Every student at Calabasas High understands the struggle of the dreaded off-campus line. What’s supposed to be a short break from school, a privilege, turns into a battle of patience, time, and sometimes even elbows. With only 37 minutes of lunch, students are left wasting time stuck in a poorly managed system that feels more like airport security than a school campus.
The management of these lines is disorganized. Usually, students are able to exit through multiple points on campus: the H-Building hallway, the senior trail, and the most difficult of all, the front gate. Each has an average of two staff members scanning IDs and monitoring exits. But lately, the trail and H-Building have been lacking consistency when it comes to being open.
“The H-Building and senior trail will be unavailable as an exit for lunch today,” echoes over the loudspeakers on campus.
Hundreds of students funnel through the front gate. The “line” is hardly a line, with ten feet of fencing intended to keep students in organized sections, accompanied by the chaos of kids pouring in from the sides. Staff members equipped with iPads scan student IDs one at a time, making sure the rectangular pieces of plastic are aligned properly with the displayed grid. Last year, the process was faster with Five Star, an app that lets students check out using their phones. But with the school’s new restrictions, being unable to use phones from the minute the 1st period bell rings to the 7th period, we’ve been pushed back to plastic IDs, creating a jam that is painfully slow. What used to take a few minutes now eats up nearly a third of students’ lunch. Students across grade levels shared the same complaints.
“I definitely see other schools going through, in and out,” says junior CHS student Charlie Hakimi. “Long lines take away from our personal time, which is not fair towards the students. The staff needs to work harder to get everybody out.”
Hakimi added that “switching to a new system” would improve the process.
Seniors, who should be enjoying their final year with off-campus privileges, are also fed up.
“These lines take out 10 minutes of lunch,” says senior Sophia Campanella. “There’s people shoving, there’s no organization, and it’s just really frustrating. Yesterday, they only had one exit, and it was so insane.”

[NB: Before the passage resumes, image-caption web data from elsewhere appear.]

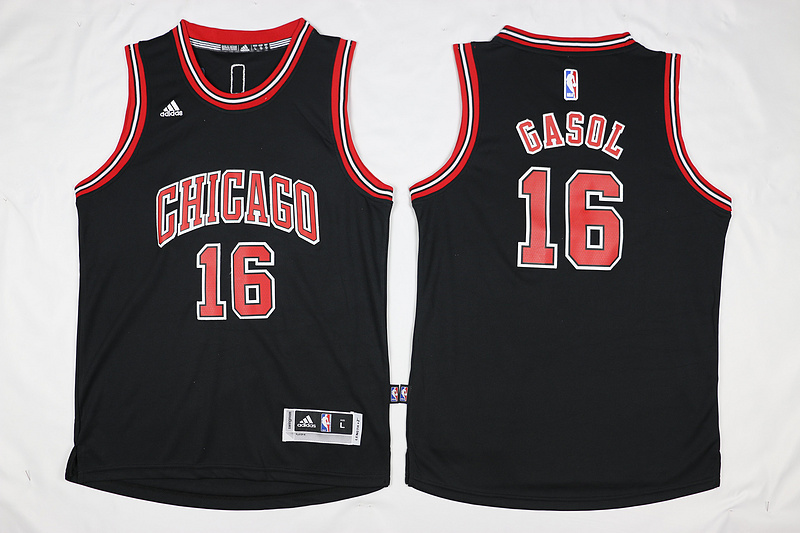 2015   2016  NBA Chicago Bulls 16 Pau Gasol New Revolution 30 Swingman Home Black Jersey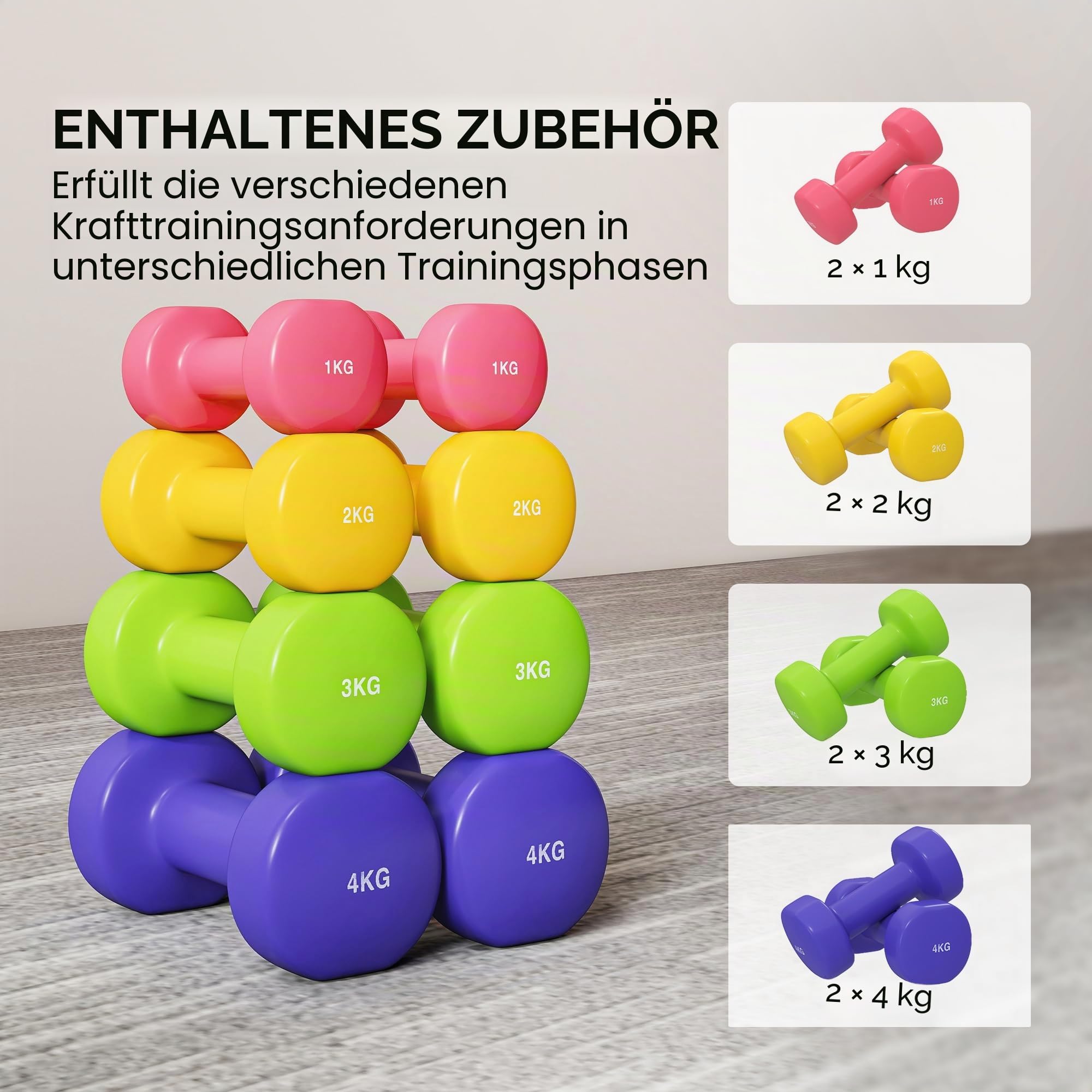 HOMCOM 20 kg Sechskant-Hantel-Set, 8 Stück, 1 kg – 4 kg, mit PU-Beschichtung, für Zuhause, Fitnessstudio, Stahl, mehrfarbig | Gym Kurzhanteln 1 kg - 4 kg PU beschichtet Stahl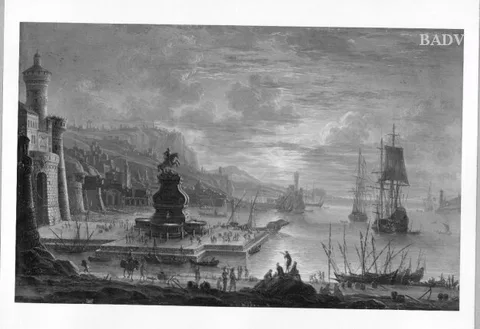 Giovanni Grevenbroeck, Italian landscape of a sea-port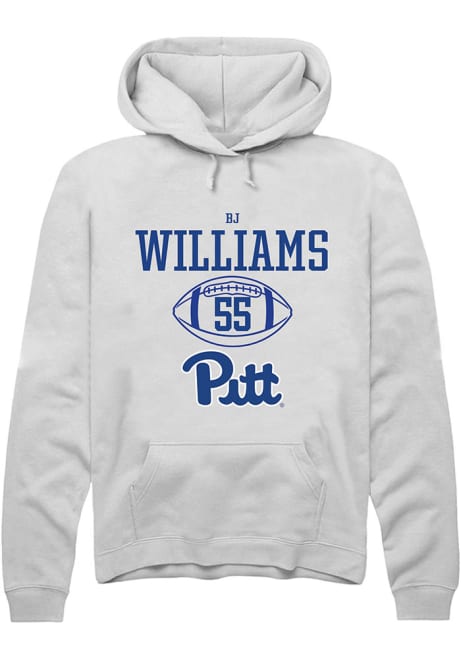 Bj Williams Rally Mens White Pitt Panthers NIL Sport Icon Hooded Sweatshirt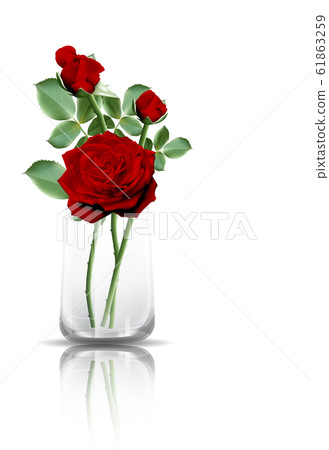 red roses in clear glass red roses in clear glass 61863259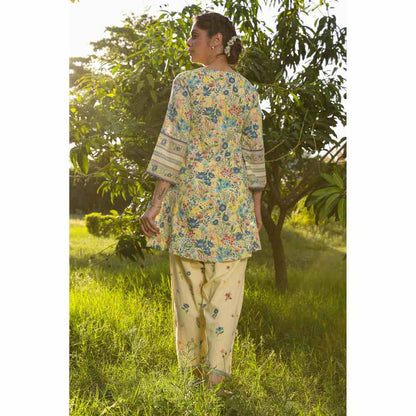 Baise Gaba Tulie A-Line Kurta - Yellow (Set of 2)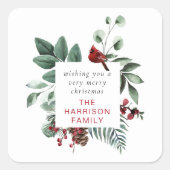 Winter Foliage Red Kardinaal Aangepast kerstfeest Vierkante Sticker (Voorkant)
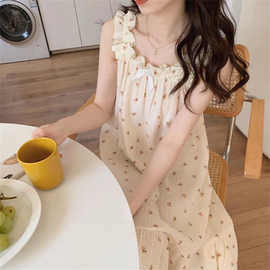 日系nis风吊带睡裙女夏季甜美宅家少女睡衣法式薄款家居服连衣裙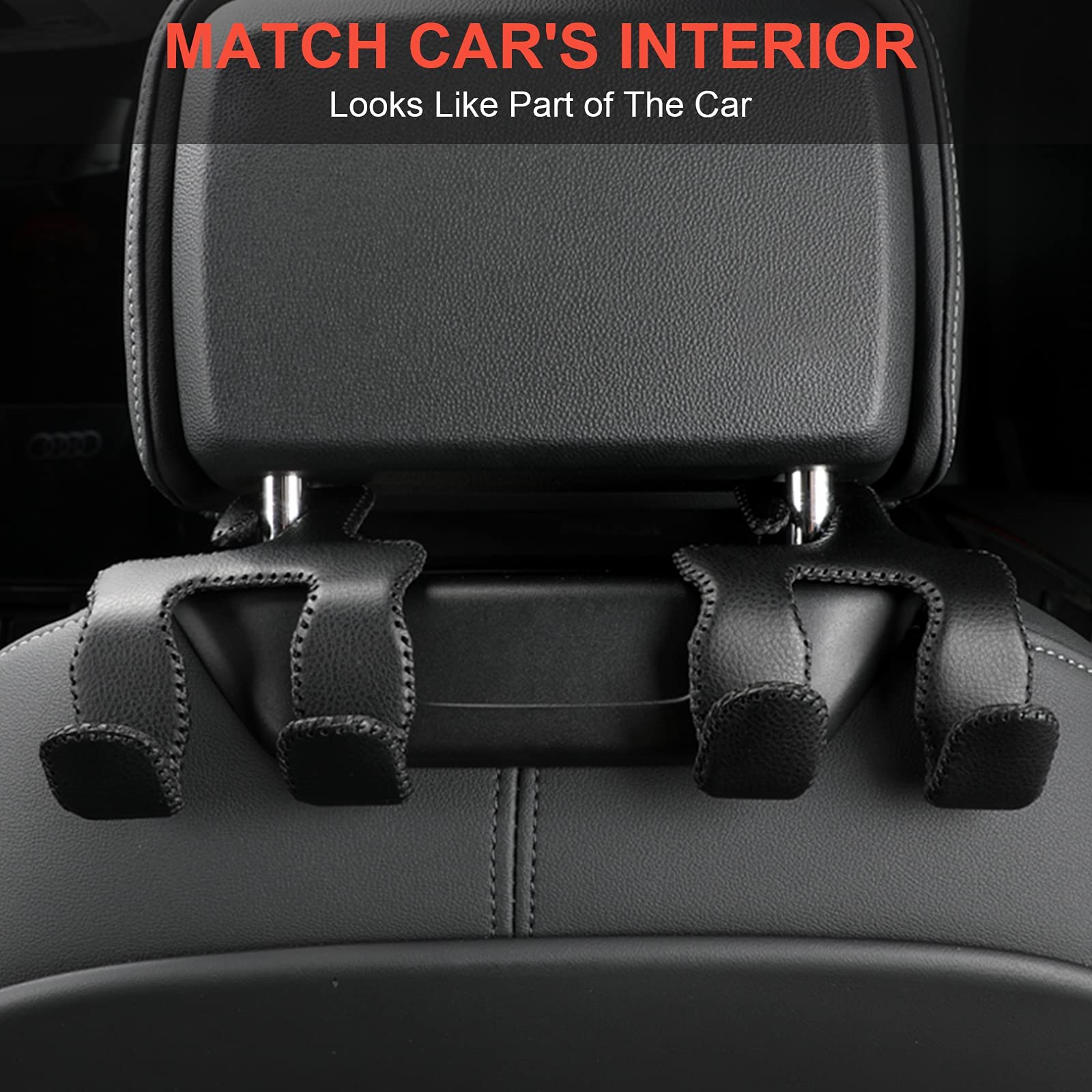 Amvoyoa Car Purse Hook, 2 In 1 Car Seat Headrest Hooks Durable Hanger Storage Holder Leather Organizer For Hanging Grocery Bags,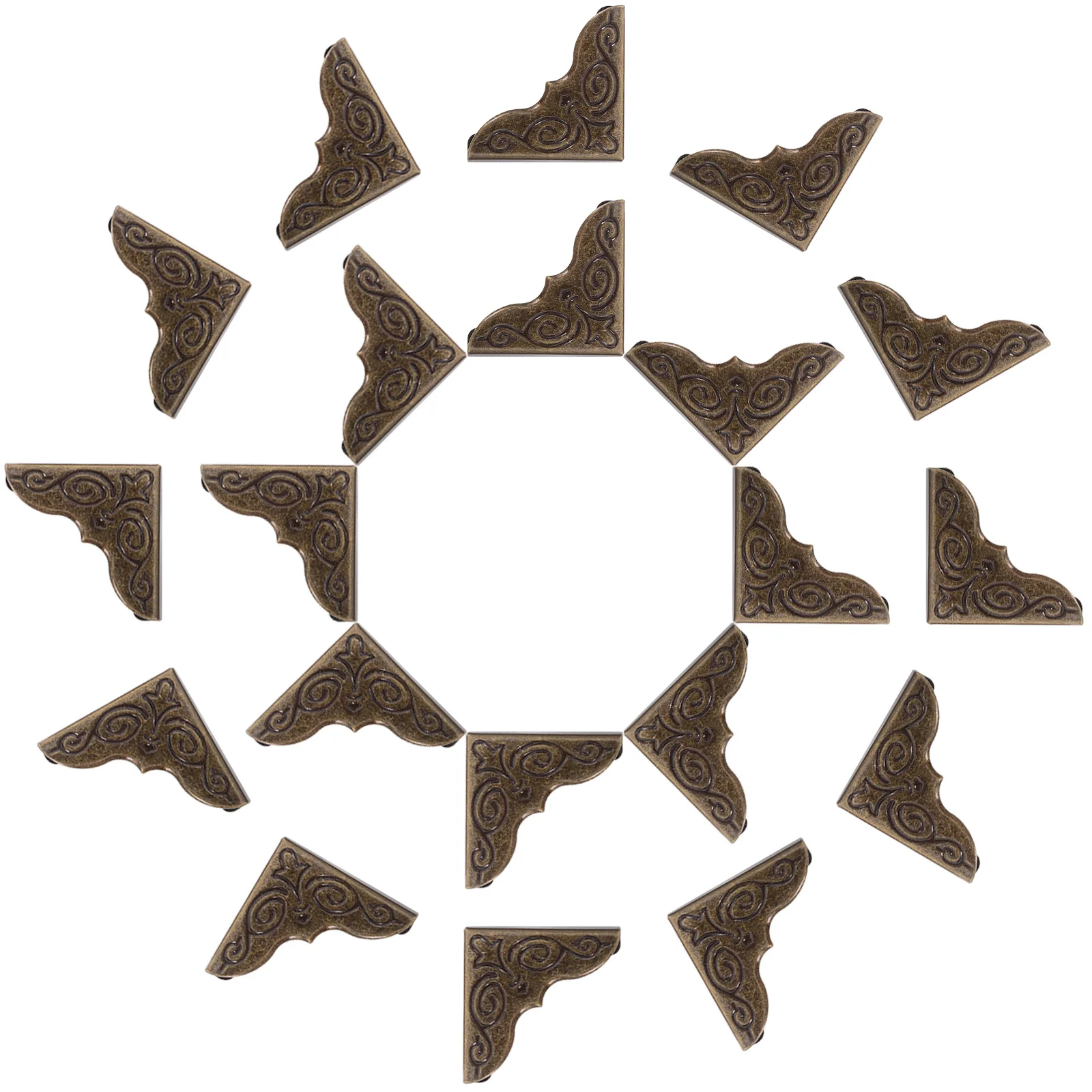 

50Pcs Vintage Bronze Metal Scrapbook Corners 26Mm Triangle Album Corner Protectors for Photo Frames Jewelry Boxes Edge Safety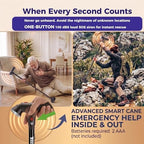 Walking Cane for Men & Women, 3-in-1 Folding Cane with Alarm and Light, Adjustable, Free Standing, Collapsible Walking Stick for Seniors Balance with a Second Handle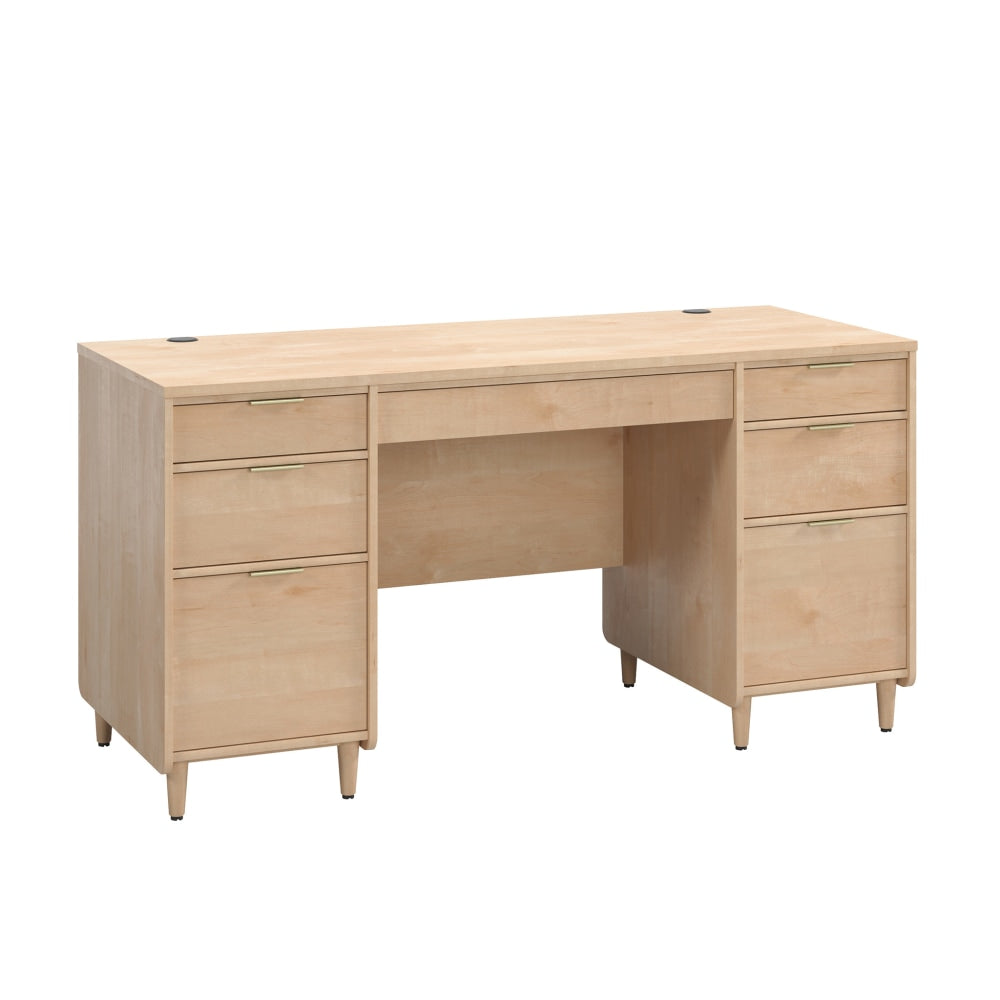 Sauder Clifford Place 59inW Double-Pedestal Executive Computer Desk, Natural Maple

Interestingly enough, staff see the problem from another angle. Tatiana Garcia, who checks students out during lunch, says students make the problem even worse.
“One of my biggest challenges is managing the manner in which kids exit. Sometimes students are impatient and will push,” said Garcia.
She also acknowledged that the setup plays a role:
“It’s usually the way we set up at lunch, the barricades that slow students. But even then, they push right past. Some even pick up the whole barricade. Maybe if we had more staff to reinforce them properly, things would be different,” said Garcia.
The problem is clear: the system doesn’t work. Students have 37 minutes to get from class to the gate, then walk 5 minutes or so to the senior lot or nearby streets where their cars are parked, drive to Gelson’s or Elco, order food, eat, and return on time. With the current system, it’s nearly impossible. Solutions aren’t complicated. Keep the exits open consistently, or consider assigning more staff to speed up the process and keep order. Students deserve a break in the middle of their day that doesn’t feel like an endurance test. The off-campus line shouldn’t be a war zone. It should be what it was intended to be, a privilege that gives students a breather, not a burden that steals it away.